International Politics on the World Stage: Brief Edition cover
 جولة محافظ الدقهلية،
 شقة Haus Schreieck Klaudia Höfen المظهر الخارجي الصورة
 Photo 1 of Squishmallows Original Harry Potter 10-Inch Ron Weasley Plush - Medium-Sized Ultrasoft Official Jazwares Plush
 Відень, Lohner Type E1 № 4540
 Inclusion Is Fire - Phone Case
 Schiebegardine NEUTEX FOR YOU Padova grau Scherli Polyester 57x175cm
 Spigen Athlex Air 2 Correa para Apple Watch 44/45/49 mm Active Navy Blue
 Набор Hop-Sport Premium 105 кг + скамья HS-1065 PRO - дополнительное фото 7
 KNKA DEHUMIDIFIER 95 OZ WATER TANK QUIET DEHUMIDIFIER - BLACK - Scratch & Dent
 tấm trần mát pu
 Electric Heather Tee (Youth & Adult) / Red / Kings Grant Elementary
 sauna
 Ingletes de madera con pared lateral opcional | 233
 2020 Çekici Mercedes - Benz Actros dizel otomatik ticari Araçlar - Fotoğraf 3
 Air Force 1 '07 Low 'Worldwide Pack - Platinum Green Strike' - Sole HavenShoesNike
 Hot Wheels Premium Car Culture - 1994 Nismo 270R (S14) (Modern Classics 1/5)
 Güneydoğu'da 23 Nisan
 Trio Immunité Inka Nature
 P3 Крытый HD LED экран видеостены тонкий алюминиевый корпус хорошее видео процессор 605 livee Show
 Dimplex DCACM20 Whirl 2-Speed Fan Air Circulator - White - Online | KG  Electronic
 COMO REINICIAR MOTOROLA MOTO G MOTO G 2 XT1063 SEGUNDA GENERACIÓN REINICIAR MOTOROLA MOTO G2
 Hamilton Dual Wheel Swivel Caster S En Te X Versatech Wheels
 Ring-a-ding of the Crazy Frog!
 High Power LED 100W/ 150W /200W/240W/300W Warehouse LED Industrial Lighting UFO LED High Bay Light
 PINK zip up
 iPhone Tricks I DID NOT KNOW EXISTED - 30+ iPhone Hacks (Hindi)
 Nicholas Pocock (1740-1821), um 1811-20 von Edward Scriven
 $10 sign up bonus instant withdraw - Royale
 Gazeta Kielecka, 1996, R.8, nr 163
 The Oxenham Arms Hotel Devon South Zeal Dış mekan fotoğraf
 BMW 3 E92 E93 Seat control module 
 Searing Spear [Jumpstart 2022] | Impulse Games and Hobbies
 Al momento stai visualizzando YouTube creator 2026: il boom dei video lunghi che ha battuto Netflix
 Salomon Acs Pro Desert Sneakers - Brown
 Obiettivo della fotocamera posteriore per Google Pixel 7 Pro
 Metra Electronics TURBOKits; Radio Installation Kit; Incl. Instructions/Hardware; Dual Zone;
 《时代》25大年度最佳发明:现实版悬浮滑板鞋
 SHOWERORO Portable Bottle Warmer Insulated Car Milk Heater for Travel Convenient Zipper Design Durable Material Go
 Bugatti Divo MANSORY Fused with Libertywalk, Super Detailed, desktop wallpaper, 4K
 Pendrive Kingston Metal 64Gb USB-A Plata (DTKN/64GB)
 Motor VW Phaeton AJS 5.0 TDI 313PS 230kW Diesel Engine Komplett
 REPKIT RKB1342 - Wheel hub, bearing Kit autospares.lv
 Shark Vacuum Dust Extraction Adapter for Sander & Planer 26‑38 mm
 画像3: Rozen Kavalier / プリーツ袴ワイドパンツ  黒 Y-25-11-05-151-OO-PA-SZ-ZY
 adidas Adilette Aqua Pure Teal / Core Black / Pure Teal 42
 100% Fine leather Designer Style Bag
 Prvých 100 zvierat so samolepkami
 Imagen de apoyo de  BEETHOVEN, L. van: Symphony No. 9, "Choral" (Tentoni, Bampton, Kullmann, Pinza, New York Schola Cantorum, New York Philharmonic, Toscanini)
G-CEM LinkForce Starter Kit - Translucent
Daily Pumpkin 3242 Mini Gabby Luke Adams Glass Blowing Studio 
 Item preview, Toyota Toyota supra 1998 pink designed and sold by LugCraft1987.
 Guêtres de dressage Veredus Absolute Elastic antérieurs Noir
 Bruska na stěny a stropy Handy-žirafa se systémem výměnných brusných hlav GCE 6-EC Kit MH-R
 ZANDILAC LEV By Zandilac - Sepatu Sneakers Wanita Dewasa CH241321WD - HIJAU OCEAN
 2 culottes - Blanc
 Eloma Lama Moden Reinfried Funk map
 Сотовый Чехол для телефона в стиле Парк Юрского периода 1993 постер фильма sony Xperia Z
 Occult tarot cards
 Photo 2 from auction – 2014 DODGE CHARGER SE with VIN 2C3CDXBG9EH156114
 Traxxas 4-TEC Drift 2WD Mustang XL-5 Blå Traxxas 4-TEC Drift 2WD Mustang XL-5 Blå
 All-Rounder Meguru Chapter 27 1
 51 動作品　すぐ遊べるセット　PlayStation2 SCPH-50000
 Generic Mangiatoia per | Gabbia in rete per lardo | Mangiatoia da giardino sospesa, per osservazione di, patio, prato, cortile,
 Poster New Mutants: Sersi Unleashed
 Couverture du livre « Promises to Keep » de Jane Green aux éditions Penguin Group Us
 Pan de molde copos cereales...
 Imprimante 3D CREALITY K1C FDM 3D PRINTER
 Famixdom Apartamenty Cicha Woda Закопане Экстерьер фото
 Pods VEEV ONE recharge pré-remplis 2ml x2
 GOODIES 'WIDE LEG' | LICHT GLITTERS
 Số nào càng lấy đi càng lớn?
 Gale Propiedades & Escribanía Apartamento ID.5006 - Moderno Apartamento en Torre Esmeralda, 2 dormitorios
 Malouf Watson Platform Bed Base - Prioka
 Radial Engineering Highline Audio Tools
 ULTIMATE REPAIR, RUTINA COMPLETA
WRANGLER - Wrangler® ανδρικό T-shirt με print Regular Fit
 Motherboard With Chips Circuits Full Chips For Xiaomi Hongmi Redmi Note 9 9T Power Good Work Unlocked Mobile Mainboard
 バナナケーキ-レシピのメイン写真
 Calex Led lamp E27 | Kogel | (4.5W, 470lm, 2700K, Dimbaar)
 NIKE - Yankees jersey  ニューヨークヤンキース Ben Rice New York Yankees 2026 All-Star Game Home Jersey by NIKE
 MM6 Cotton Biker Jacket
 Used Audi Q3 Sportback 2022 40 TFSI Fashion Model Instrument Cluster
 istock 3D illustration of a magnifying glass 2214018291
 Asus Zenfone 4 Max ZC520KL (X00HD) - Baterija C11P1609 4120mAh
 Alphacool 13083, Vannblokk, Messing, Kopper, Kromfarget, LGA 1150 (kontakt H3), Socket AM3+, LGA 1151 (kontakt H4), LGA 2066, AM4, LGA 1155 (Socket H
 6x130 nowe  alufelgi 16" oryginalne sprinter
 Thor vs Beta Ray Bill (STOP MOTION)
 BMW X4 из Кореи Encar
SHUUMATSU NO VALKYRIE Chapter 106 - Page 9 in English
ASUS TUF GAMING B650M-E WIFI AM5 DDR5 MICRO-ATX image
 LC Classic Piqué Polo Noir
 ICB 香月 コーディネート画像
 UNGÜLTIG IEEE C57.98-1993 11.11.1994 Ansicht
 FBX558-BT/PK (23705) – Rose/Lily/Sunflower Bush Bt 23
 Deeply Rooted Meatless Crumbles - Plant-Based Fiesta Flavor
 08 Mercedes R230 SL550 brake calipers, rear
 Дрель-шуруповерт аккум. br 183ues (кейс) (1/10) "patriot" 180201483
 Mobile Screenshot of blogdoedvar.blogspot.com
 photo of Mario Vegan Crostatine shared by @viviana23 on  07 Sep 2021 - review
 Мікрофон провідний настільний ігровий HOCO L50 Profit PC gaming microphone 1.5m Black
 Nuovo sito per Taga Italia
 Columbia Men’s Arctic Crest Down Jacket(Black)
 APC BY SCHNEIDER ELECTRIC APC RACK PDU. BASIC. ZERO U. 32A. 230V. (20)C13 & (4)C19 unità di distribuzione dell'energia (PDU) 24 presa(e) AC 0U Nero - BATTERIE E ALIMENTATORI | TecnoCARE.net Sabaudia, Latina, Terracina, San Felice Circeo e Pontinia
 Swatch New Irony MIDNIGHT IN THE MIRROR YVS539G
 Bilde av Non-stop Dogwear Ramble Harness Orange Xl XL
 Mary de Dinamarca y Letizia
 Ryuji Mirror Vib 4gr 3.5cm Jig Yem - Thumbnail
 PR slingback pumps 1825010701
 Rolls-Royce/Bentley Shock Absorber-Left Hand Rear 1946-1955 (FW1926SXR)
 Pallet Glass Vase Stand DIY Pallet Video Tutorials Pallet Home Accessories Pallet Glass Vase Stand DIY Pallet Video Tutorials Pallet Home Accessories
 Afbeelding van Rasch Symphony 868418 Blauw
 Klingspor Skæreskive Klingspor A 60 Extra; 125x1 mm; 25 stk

-*-

# TASK ITEM:
Please copy out each line of the material that contains the string "фото".

# PROBLEM SOLUTION:
 Набор Hop-Sport Premium 105 кг + скамья HS-1065 PRO - дополнительное фото 7
 Famixdom Apartamenty Cicha Woda Закопане Экстерьер фото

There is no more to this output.